Treasuries rose for the first month since July as President Barack Obama and lawmakers bantered about tax increases and spending cuts, intensifying concern that a failure to reach an agreement may lead to an economic downturn. Exports comprise about 40 percent of Israel’s economic output, and the U.S. is one of its largest markets.
“Local government yields are tracking their U.S. counterpart over the weekend amid uncertainty about the progress on the deficit talks,” said Sagie Poznerson, head of trading at Leader Capital Markets Ltd. in Tel Aviv. “Investors are also preparing for tomorrow’s government auction.”
The Finance Ministry plans to sell a combined 1.3 billion shekels ($341 million) of bonds at Monday’s auction, ministry data posted on Bloomberg show. The debt sale includes 300 million shekels each of the 2018 bonds and of 4.25 percent notes due March 2023. The government will also sell 250 million shekels of 2.75 percent inflation-linked securities due September 2022.

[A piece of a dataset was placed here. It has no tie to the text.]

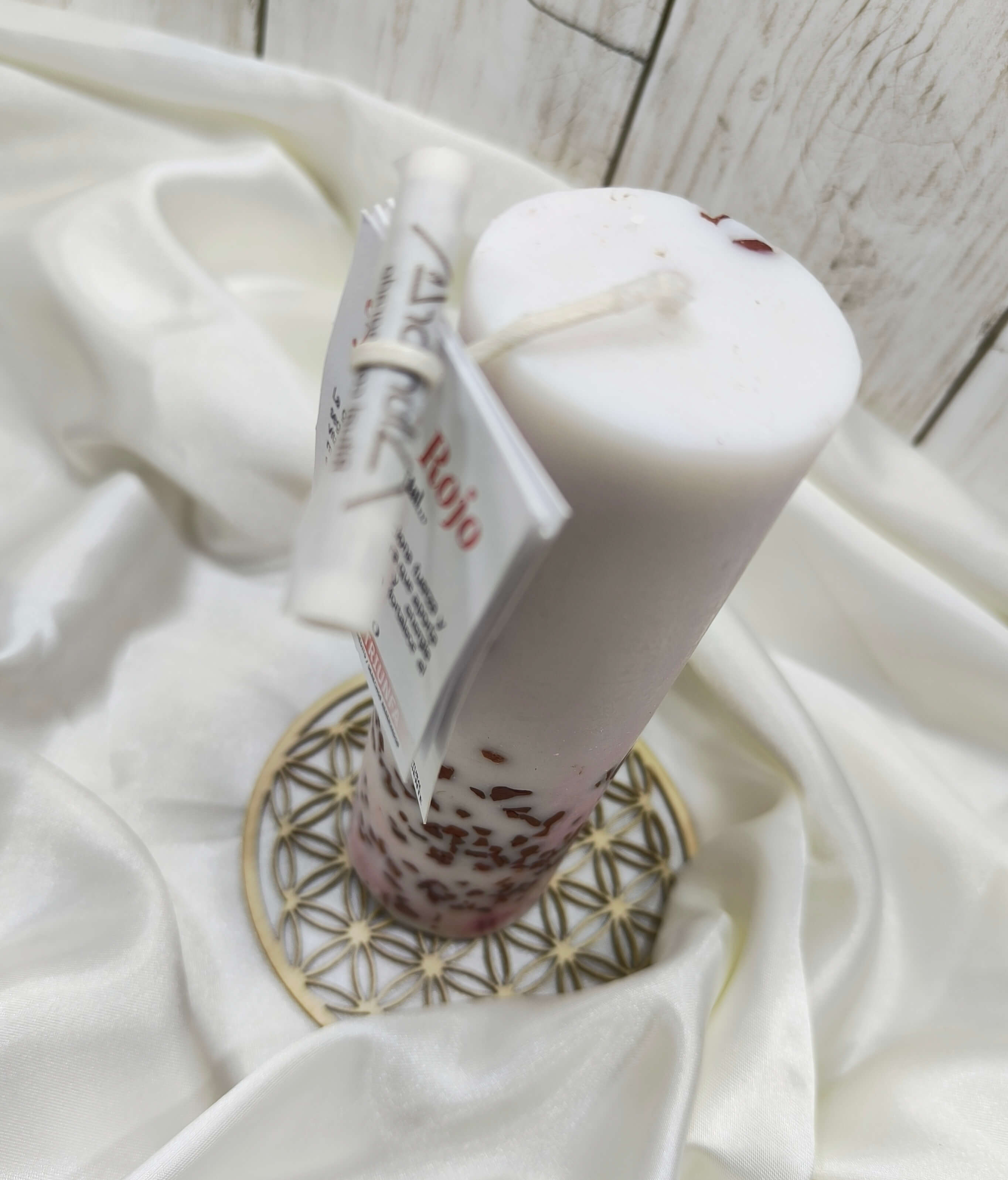 BOUGIE ARTISANALE AU JASPE ROUGE - VITALITE & TRIOMPHE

Israeli funds last month raised 3.7 billion shekels, the the strongest month since Nov. 2009, Meitav Investment House Ltd. said today. Government-bond funds raised 1.04 billion shekels and corporate-bond funds raised 1.97 billion shekels. Economic growth slowed to 2.9 percent in the third quarter, less than forecast, from 3.4 percent the previous three months. The Tel-Bond 40 Index of corporate bonds advanced for the first time in three days, adding 0.1 percent to 279.97. The two-year break-even rate, the yield difference between the inflation-linked bonds and fixed-rate government bonds of similar maturity, was little changed at 212, implying an average annual inflation rate of 2.12 percent over the period.
The shekel strengthened 0.2 percent to 3.8154 a dollar on Nov. 30, boosting last month’s increase to 1.8 percent. One-year interest-rate swaps, an indicator of investor expectations for rates over the period, rose one basis point to 1.82 percent on Nov. 30.